Characteristics of the Spanish University students and most demanded degrees

Share

Fecha del documento: 05-04-2022

Matriculaciones en cada una de las universidades españolas

1. Introduction

Visualizations are graphical representations of data that allow to transmit in a simple and effective way the information linked to them. The visualization potential is very wide, from basic representations, such as a graph of lines, bars or sectors, to visualizations configured on control panels or interactive dashboards. Visualizations play a fundamental role in drawing conclusions from visual information, also allowing to detect patterns, trends, anomalous data, or project predictions, among many other functions. 

Before proceeding to build an effective visualization, we need to perform a previous treatment of the data, paying special attention to obtaining them and validating their content, ensuring that they are in the appropriate and consistent format for processing and do not contain errors. A preliminary treatment of the data is essential to perform any task related to the analysis of data and of performing an effective visualization.
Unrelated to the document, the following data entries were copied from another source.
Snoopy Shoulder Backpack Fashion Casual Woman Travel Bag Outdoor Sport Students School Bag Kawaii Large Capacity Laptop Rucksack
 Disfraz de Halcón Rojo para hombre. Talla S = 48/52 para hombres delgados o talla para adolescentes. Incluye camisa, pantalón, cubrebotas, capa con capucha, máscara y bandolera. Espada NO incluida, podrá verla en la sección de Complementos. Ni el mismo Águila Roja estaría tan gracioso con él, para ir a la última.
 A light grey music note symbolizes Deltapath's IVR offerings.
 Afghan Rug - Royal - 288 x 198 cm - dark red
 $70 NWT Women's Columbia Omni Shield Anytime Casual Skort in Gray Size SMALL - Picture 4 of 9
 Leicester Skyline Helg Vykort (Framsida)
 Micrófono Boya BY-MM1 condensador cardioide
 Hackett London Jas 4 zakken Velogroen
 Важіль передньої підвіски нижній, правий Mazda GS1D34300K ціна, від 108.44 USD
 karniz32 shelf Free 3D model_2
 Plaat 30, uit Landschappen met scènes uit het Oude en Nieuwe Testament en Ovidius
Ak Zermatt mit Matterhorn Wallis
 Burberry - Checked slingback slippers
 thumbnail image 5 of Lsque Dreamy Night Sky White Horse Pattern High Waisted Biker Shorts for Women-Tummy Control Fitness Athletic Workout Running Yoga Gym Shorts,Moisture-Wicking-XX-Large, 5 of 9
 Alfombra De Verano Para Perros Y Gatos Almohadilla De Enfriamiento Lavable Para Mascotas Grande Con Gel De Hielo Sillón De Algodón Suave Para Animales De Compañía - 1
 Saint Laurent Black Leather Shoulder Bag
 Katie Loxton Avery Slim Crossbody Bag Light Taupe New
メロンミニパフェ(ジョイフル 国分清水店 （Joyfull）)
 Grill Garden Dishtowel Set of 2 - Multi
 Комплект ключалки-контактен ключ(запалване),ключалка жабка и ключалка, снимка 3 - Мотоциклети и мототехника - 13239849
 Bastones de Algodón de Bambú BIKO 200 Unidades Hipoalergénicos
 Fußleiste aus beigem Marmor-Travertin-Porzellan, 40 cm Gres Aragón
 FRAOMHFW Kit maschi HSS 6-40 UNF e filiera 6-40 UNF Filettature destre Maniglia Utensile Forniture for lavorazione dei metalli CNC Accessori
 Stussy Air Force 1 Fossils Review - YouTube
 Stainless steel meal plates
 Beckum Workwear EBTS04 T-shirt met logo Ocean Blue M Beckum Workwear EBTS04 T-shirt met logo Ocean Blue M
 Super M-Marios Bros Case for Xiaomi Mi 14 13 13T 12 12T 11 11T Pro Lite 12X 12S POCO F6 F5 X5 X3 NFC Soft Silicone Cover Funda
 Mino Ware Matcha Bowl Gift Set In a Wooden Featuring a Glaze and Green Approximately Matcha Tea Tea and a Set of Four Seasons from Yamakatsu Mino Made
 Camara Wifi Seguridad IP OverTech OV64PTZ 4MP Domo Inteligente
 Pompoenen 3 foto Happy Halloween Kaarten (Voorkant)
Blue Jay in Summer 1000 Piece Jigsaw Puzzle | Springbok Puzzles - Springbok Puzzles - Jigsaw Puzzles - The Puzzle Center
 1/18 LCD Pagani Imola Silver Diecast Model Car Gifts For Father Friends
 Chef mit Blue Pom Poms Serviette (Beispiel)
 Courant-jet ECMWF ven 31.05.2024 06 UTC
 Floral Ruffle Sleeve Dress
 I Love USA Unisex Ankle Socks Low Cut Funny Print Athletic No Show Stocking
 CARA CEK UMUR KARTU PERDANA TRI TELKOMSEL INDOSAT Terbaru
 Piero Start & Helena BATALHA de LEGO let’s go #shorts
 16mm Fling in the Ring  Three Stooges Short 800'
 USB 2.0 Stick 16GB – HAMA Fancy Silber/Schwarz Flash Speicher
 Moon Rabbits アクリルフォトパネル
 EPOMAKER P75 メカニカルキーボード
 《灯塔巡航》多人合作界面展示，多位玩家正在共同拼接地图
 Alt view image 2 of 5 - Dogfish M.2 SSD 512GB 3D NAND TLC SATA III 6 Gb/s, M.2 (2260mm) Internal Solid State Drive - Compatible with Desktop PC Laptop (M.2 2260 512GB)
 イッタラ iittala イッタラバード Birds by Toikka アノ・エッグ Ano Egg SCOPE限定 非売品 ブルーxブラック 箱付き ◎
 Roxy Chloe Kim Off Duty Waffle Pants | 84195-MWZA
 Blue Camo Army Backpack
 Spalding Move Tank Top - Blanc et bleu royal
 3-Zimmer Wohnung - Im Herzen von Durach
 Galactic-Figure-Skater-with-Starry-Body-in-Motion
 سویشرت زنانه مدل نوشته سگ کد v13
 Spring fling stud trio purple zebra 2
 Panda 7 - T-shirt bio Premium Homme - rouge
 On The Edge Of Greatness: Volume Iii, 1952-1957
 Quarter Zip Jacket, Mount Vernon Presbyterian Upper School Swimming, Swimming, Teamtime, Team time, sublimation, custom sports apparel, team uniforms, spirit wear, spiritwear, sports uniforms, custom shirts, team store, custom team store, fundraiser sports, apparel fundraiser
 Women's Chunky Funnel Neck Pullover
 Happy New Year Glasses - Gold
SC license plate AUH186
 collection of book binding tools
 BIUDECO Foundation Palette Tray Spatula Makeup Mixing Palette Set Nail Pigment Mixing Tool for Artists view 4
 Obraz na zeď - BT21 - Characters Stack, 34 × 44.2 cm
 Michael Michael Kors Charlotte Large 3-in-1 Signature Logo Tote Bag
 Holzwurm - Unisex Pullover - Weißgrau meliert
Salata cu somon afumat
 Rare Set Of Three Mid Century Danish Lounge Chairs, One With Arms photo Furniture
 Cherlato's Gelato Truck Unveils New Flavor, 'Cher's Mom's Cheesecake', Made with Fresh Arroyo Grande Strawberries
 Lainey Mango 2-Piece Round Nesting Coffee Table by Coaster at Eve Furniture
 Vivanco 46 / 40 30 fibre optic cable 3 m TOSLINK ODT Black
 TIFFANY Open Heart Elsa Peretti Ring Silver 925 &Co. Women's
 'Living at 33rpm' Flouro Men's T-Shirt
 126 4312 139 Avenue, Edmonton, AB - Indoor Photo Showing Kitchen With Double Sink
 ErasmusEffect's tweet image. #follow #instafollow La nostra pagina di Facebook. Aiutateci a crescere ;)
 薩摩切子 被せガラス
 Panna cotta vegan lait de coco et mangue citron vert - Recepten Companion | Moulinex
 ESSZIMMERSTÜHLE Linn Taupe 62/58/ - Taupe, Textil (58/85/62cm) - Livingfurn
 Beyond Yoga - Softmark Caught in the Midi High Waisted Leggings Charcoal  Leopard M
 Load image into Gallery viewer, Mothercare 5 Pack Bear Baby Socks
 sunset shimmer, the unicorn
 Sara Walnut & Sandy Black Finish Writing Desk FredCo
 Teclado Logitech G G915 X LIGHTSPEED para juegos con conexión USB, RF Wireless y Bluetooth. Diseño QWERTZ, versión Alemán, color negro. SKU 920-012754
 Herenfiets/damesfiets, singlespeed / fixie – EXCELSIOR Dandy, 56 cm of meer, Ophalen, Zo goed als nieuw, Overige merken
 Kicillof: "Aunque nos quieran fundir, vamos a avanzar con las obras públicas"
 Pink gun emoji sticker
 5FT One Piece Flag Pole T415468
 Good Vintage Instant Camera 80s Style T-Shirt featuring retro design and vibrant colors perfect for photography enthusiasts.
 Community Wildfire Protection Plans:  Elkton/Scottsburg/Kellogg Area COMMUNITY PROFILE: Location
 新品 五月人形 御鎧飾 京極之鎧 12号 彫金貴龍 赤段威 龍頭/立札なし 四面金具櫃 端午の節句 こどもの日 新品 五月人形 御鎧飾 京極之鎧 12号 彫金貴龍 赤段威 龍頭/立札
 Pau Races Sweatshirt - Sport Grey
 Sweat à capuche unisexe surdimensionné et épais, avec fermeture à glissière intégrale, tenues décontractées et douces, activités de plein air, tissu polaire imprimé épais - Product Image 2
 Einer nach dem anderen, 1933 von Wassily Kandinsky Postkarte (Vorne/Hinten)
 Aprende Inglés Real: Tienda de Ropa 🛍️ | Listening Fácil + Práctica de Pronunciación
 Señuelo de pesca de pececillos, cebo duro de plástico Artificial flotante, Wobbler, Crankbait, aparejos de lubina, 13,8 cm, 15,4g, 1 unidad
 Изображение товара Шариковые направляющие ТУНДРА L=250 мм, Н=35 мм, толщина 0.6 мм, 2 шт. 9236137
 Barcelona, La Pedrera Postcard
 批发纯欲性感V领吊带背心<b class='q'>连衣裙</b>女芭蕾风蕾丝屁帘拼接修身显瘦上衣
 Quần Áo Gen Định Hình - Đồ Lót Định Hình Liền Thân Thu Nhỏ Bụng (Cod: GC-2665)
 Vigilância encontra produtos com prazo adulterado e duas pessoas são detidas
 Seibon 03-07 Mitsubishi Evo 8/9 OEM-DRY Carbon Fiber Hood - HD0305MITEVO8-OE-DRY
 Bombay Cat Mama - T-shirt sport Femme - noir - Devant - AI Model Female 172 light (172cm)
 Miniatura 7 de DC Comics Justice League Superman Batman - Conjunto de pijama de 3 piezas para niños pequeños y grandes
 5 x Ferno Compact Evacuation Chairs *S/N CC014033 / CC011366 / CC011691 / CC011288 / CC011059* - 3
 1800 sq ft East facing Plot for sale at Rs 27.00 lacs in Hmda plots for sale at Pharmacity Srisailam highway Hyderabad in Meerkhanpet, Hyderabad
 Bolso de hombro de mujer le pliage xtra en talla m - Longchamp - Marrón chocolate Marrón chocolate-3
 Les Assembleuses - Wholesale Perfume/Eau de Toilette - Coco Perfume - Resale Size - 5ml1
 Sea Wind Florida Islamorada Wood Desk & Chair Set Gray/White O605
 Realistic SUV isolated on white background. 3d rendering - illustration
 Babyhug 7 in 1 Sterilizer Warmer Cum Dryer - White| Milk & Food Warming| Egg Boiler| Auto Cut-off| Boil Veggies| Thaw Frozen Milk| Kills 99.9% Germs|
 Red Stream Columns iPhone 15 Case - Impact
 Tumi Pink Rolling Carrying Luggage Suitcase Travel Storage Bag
In the "Visualizations step-by-step" section, we are periodically presenting practical exercises on open data visualization that are available in the datos.gob.es catalog or other similar catalogs. There we approach and describe in a simple way the necessary steps to obtain the data, perform the transformations and analyzes that are pertinent to, finally, we create interactive visualizations, from which we can extract information that is finally summarized in final conclusions.

In this practical exercise, we have carried out a simple code development that is conveniently documented by relying on tools for free use. All generated material is available for reuse in the GitHub Data Lab repository.

Access the data lab repository on Github.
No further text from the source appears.